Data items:

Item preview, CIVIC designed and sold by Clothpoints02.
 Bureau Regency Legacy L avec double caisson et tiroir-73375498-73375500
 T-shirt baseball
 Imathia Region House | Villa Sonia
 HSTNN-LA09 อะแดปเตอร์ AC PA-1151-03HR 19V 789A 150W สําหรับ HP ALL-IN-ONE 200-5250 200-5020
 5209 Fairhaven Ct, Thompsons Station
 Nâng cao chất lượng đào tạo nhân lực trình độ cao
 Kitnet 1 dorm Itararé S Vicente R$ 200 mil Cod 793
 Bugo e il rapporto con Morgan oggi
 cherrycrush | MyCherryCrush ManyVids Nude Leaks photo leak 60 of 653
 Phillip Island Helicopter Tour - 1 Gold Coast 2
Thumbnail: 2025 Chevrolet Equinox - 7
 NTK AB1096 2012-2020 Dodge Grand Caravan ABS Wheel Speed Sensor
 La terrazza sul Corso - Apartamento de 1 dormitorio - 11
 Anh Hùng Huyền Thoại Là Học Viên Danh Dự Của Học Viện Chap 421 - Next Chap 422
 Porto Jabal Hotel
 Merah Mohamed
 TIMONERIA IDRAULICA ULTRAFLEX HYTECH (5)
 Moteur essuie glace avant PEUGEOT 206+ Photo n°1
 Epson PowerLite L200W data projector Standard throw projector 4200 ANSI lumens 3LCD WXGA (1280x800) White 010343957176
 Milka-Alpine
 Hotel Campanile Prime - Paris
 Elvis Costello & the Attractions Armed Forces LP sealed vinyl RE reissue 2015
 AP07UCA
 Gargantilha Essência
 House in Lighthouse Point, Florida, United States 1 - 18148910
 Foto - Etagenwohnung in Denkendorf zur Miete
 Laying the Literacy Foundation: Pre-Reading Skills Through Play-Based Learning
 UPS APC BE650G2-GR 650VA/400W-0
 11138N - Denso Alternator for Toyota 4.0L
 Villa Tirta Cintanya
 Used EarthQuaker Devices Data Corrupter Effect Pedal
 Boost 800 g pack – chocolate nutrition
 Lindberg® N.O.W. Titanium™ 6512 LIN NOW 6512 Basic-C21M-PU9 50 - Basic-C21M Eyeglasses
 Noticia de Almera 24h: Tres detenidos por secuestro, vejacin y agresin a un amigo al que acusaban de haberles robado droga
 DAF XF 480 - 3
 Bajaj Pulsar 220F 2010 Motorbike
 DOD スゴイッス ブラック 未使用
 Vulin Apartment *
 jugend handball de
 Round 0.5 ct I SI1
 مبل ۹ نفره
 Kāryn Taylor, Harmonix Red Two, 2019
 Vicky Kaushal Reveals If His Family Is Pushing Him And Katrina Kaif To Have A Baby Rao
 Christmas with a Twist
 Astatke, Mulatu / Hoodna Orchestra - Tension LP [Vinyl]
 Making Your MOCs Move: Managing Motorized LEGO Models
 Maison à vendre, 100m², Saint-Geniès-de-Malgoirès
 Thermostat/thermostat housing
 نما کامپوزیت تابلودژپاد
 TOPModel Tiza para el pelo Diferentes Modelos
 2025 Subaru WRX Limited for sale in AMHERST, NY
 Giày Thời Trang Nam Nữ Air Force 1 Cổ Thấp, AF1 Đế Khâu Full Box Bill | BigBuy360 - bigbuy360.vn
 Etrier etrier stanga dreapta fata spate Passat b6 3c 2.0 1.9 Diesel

TASK REQUIREMENTS: Line by line, copy the data above exactly as it reads.

EXERCISE OUTPUT:
Item preview, CIVIC designed and sold by Clothpoints02.
 Bureau Regency Legacy L avec double caisson et tiroir-73375498-73375500
 T-shirt baseball
 Imathia Region House | Villa Sonia
 HSTNN-LA09 อะแดปเตอร์ AC PA-1151-03HR 19V 789A 150W สําหรับ HP ALL-IN-ONE 200-5250 200-5020
 5209 Fairhaven Ct, Thompsons Station
 Nâng cao chất lượng đào tạo nhân lực trình độ cao
 Kitnet 1 dorm Itararé S Vicente R$ 200 mil Cod 793
 Bugo e il rapporto con Morgan oggi
 cherrycrush | MyCherryCrush ManyVids Nude Leaks photo leak 60 of 653
 Phillip Island Helicopter Tour - 1 Gold Coast 2
Thumbnail: 2025 Chevrolet Equinox - 7
 NTK AB1096 2012-2020 Dodge Grand Caravan ABS Wheel Speed Sensor
 La terrazza sul Corso - Apartamento de 1 dormitorio - 11
 Anh Hùng Huyền Thoại Là Học Viên Danh Dự Của Học Viện Chap 421 - Next Chap 422
 Porto Jabal Hotel
 Merah Mohamed
 TIMONERIA IDRAULICA ULTRAFLEX HYTECH (5)
 Moteur essuie glace avant PEUGEOT 206+ Photo n°1
 Epson PowerLite L200W data projector Standard throw projector 4200 ANSI lumens 3LCD WXGA (1280x800) White 010343957176
 Milka-Alpine
 Hotel Campanile Prime - Paris
 Elvis Costello & the Attractions Armed Forces LP sealed vinyl RE reissue 2015
 AP07UCA
 Gargantilha Essência
 House in Lighthouse Point, Florida, United States 1 - 18148910
 Foto - Etagenwohnung in Denkendorf zur Miete
 Laying the Literacy Foundation: Pre-Reading Skills Through Play-Based Learning
 UPS APC BE650G2-GR 650VA/400W-0
 11138N - Denso Alternator for Toyota 4.0L
 Villa Tirta Cintanya
 Used EarthQuaker Devices Data Corrupter Effect Pedal
 Boost 800 g pack – chocolate nutrition
 Lindberg® N.O.W. Titanium™ 6512 LIN NOW 6512 Basic-C21M-PU9 50 - Basic-C21M Eyeglasses
 Noticia de Almera 24h: Tres detenidos por secuestro, vejacin y agresin a un amigo al que acusaban de haberles robado droga
 DAF XF 480 - 3
 Bajaj Pulsar 220F 2010 Motorbike
 DOD スゴイッス ブラック 未使用
 Vulin Apartment *
 jugend handball de
 Round 0.5 ct I SI1
 مبل ۹ نفره
 Kāryn Taylor, Harmonix Red Two, 2019
 Vicky Kaushal Reveals If His Family Is Pushing Him And Katrina Kaif To Have A Baby Rao
 Christmas with a Twist
 Astatke, Mulatu / Hoodna Orchestra - Tension LP [Vinyl]
 Making Your MOCs Move: Managing Motorized LEGO Models
 Maison à vendre, 100m², Saint-Geniès-de-Malgoirès
 Thermostat/thermostat housing
 نما کامپوزیت تابلودژپاد
 TOPModel Tiza para el pelo Diferentes Modelos
 2025 Subaru WRX Limited for sale in AMHERST, NY
 Giày Thời Trang Nam Nữ Air Force 1 Cổ Thấp, AF1 Đế Khâu Full Box Bill | BigBuy360 - bigbuy360.vn
 Etrier etrier stanga dreapta fata spate Passat b6 3c 2.0 1.9 Diesel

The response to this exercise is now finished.